Per celebrare la “Giornata Nazionale del Dialetto e delle Lingue locali”, venerdì 17 gennaio la prima storia del numero 3608 di “Topolino” verrà pubblicata in napoletano, catanese, milanese e fiorentino. Si tratta di una bella notizia per tanti appassionati del celebre fumetto e soprattutto per i collezionisti. Certo, non è detto che i giovani lettori siano in grado di capire ogni parte del testo, considerato che il dialetto viene parlato raramente, in contesti ristretti, quasi mai scritto o letto, in pochissimi casi studiato. Forse qualche possibilità in più avrà l’edizione in napoletano per una maggiore diffusione dovuta alla musica leggera e neomelodica.

Da tempo si dibatte sull’importanza della conservazione dei dialetti e dell’insegnamento degli stessi nelle scuole, ma a parte alcuni progetti non c’è una linea comune; del resto va osservato che, se da un lato alcuni sono vere e proprie lingue, dall’altro anche all’interno delle stesse provincie, a pochi chilometri di distanza, differiscono tra loro. La musica e la letteratura sono stati e sono i principali “strumenti” di protezione e diffusione, offrendo un genere vero e proprio, frutto per lo più di uno studio ricercato e di una scelta “alta”, non certo popolare, che ha coinvolto pure i fruitori stranieri. Scriveva, infatti, Cesare Pavese: “Il dialetto usato con fini letterari è un modo di far storia, è una scelta, un gusto”. Ciò che non va dimenticato è che la “questione della lingua” in Italia ha attraversato diversi secoli e fatto confrontare famosi personaggi, dunque è un bagaglio di storia e tradizione che va conosciuto – e questo nella scuola secondaria di II grado si studia – senza inutili considerazioni nostalgiche. In tal senso ci viene in aiuto Italo Calvino: “Finché l’italiano è rimasto una lingua letteraria, non professionale, nei dialetti (quelli toscani compresi, s’intende) esisteva una ricchezza lessicale, una capacità di nominare e descrivere i campi e le case, gli attrezzi e le operazioni dell’agricoltura e dei mestieri che la lingua non possedeva. La ragione della prolungata vitalità dei dialetti in Italia è stata questa. Ora questa fase è superata da un pezzo: il mondo che abbiamo davanti, – case e strade e macchinari e aziende e studi, e anche molta dell’agricoltura moderna, – è venuto su con nomi non dialettali, nomi dell’italiano, o costruiti su modelli dell’italiano, oppure d’una interlingua scientifico-tecnico-industriale, e vengono adoperati e pensati in strutture logiche italiane o interlinguistiche”.

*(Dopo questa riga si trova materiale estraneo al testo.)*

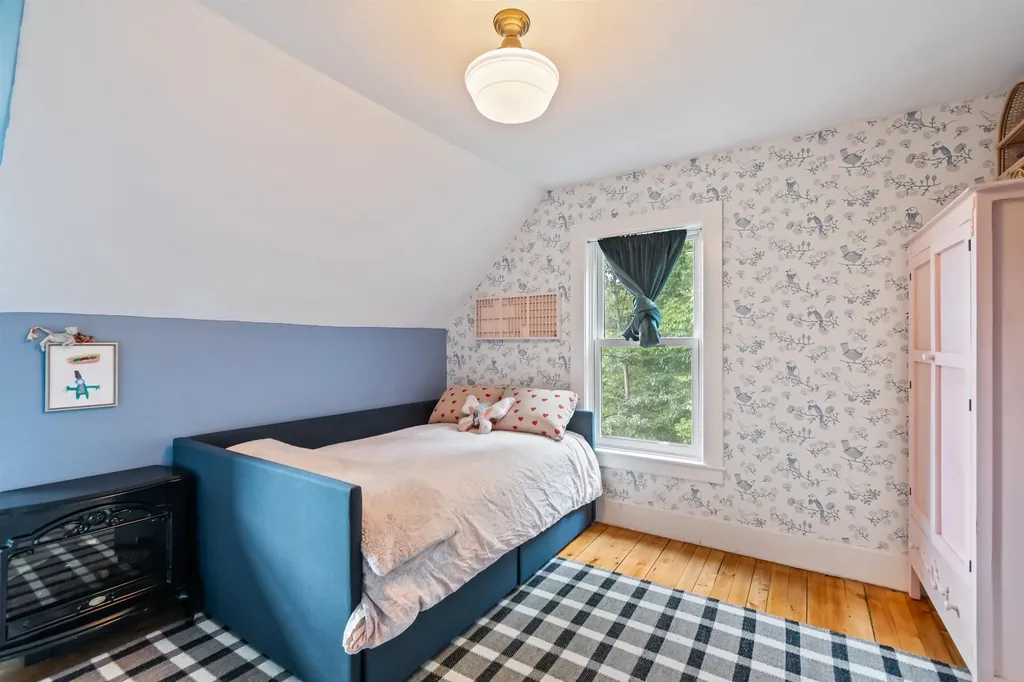 11 Cherry Avenue Montpelier VT 05602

Abbiamo conquistato un’unica lingua e tutto ciò che comporta l’unità linguistica non senza fatica, ma – possiamo dire – “siamo fatti della stessa sostanza dei dialetti”, quindi celebrarli per salvarli ne vale la pena. Afferma Italo Svevo: “La nostra vita avrebbe tutt’altro aspetto se fosse detta nel nostro dialetto”. Per questo motivo bisogna evitare che i dialetti si perdano tra i gerghi e gli slang, soprattutto che vengano identificati come tipici delle periferie degradate e spesso intestati solo ad una parte della popolazione, quella del “popolino”. Del resto dice Severgnini: “Il dialetto non si salva solo con le poesie, le commedie e i festival. Si tramanda anche infilandolo nel discorso, come un cetriolino in un panino. È un po’ snob, lo ammetto. Ma mica possiamo parlare tutti inglese”.